Bloğunda kaleme aldığı “AB seçimleri: birlik için son şans mı?” başlıklı yazısında Roberts, sağ partilerin göçe, AB’nin ekonomik ve siyasi olarak daha fazla bütünleşmesine, yeşil politikalara geri dönülmesine karşı çıktığını, Ukrayna’daki savaş konusunda ABD ve NATO’yu destekleyen dış politikayı desteklemediğini belirterek bu politikalar sayesinde seçmenlerden destek bulduğunu belirtti
‘AVRUPA KRİZ SONRASI TOPARLANAMADI’
Roberts’in analizinde öne çıkanlar şöyle oldu:
* Avrupa ekonomisi ciddi sıkıntılar yaşıyor. Her küresel ekonomik krizden sonra (2008-9 Büyük Durgunluk ve 2020 pandemi çöküşü), ekonomi toparlanmakta zorlandı ve ABD’ye kıyasla daha kötü olan önceki büyüme yörüngesine geri dönemedi.
* Aşırı sağ özellikle Covid salgını çöküşünün sona ermesinden bu yana, yüksek fiyat enflasyonu, durgun üretim, azalan ihracat ve yatırım ve yaşam standartlarını düşüren zayıf ekonomi nedeniyle oy kazanmaya devam edecek.
* Fransa ve Almanya gibi kilit ülkeler, ucuz Rus gazını ABD’den ve başka yerlerden ithal edilen pahalı gaz lehine terk etti. Bu da yüksek enerji fiyatlarının yol açtığı enflasyonun ardından durgunluk getirdi. Avrupa’nın imalat sektörü son iki yıldır daralıyor.
* Avrupa için büyük bir sorun da doğurganlık oranlarının düşmesiyle birlikte nüfusun, özellikle de çalışma çağındaki nüfusun azalacak olması.
* Şu anda pek çok ülke, Covid-19 salgınının darbesini yumuşatmayı amaçlayan ve AB ülkelerinin ilk kez ortak borç ihraç ettiği bir dizi AB destek programına ve muafiyetine bel bağlamış durumda. Hâlâ en fazla borcu olan ülkelere can simidi sağlanıyor. AB, 700 milyar Euro’yu aşan bu özel fon aracılığıyla yeşil ve dijital projelere milyarlarca Euro aktarıyor. Ancak bu fon da 2026 sonunda bitecek.
* Almanya ile Fransa ise artan açıklar ve borçlar pahasına büyümeyi sürdürmek için AB kamu harcamalarını ve sübvansiyonlarını devam ettirmek ya da önceki bütçe hedeflerini karşılamak için kesintiye gitmek arasında gidip geliyor.

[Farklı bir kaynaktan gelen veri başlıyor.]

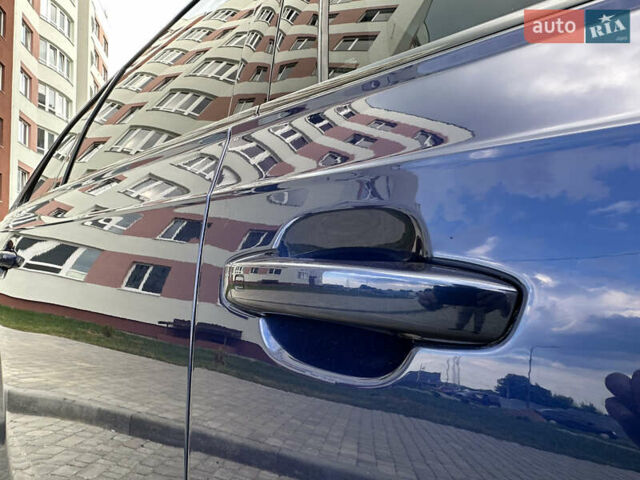 Синій Ауді Ку 7, об'ємом двигуна 3 л та пробігом 142 тис. км за 43999 $, фото 20 на Automoto.ua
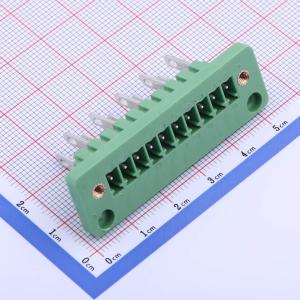 DB2CM-3.81-10P-GN商品缩略图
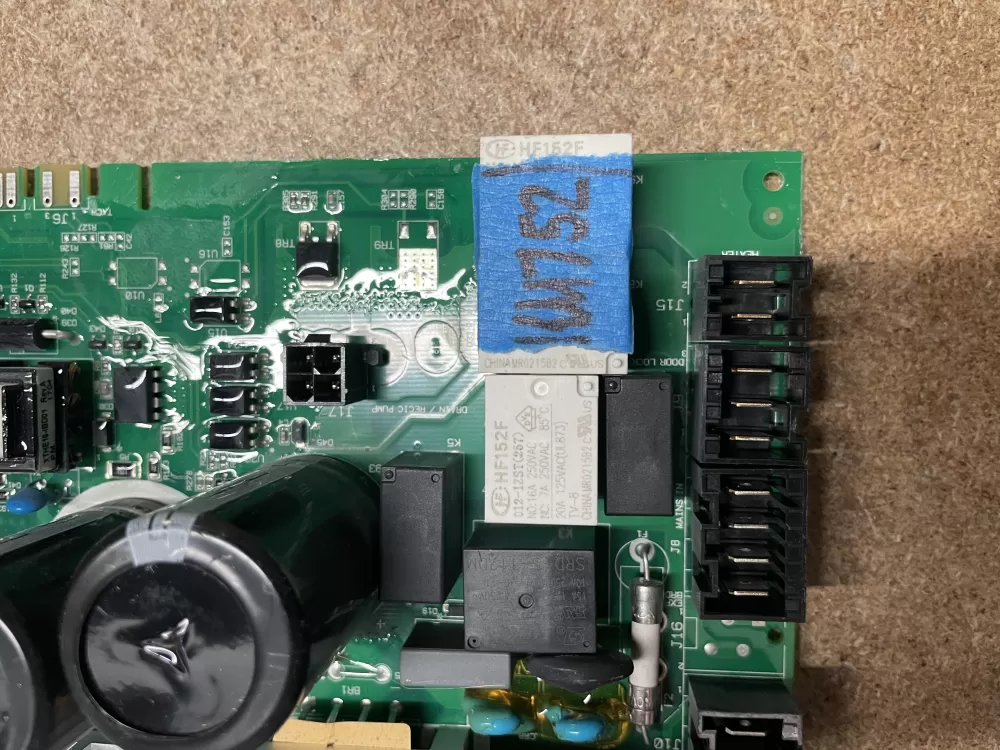 Whirlpool W10748995 Washer Control Board whirlpool Front Load AZ12873 | KM752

* Harcama sınırlamalarının uygulanmayacağı tek alan ise savunma. Kuzey Avrupa’daki merkez parti hükümetlerinin mesajı, Ukrayna’nın desteklenmesi gerektiği yönünde. Avrupalı liderler vatandaşlarına ‘savaşa hazırlanın’ mesajı veriyor. Askeri harcamalar bu yıl yüzde 7 artarken, her NATO üyesinin GSYH’sinin yüzde 2’sini askeri harcamalara ayırması hedefleniyor. Bu da sivil harcamalara darbe vuruyor.
* Avrupa ayrıca ABD ve Çin arasında yoğunlaşan jeopolitik savaşta sıkışmaktan da endişeli. Daha önce büyük bir pazar olan Çin’e yapılan ihracat düşerken, Çin’e yapılan yatırımlar ABD’nin talimatları doğrultusunda tersine dönüyor. Ukrayna’daki savaş şimdiden Avrupa sanayisini kötü etkiledi ve tüm sektörlerde maliyetleri arttırdı.
* Avrupa’nın merkez ülkelerinde sermayenin kârlılığı 2020’deki pandemi çöküşünden sonra toparlanmadı. Fransa’nın kârlılığı yüzde 30’un üzerinde, Almanya’nınki ise yüzde 25’in üzerinde geriledi.
* Avrupa ekonomileri zemin kaybetmeye devam eder ve Avrupa sermayesi ABD ile Çin arasındaki küresel güç mücadelesi tarafından giderek daha fazla sıkıştırılırsa, AB fikrine yönelik çoğunluk desteği bir sonraki Avrupa Parlamentosu seçimlerine kadar zayıflayabilir.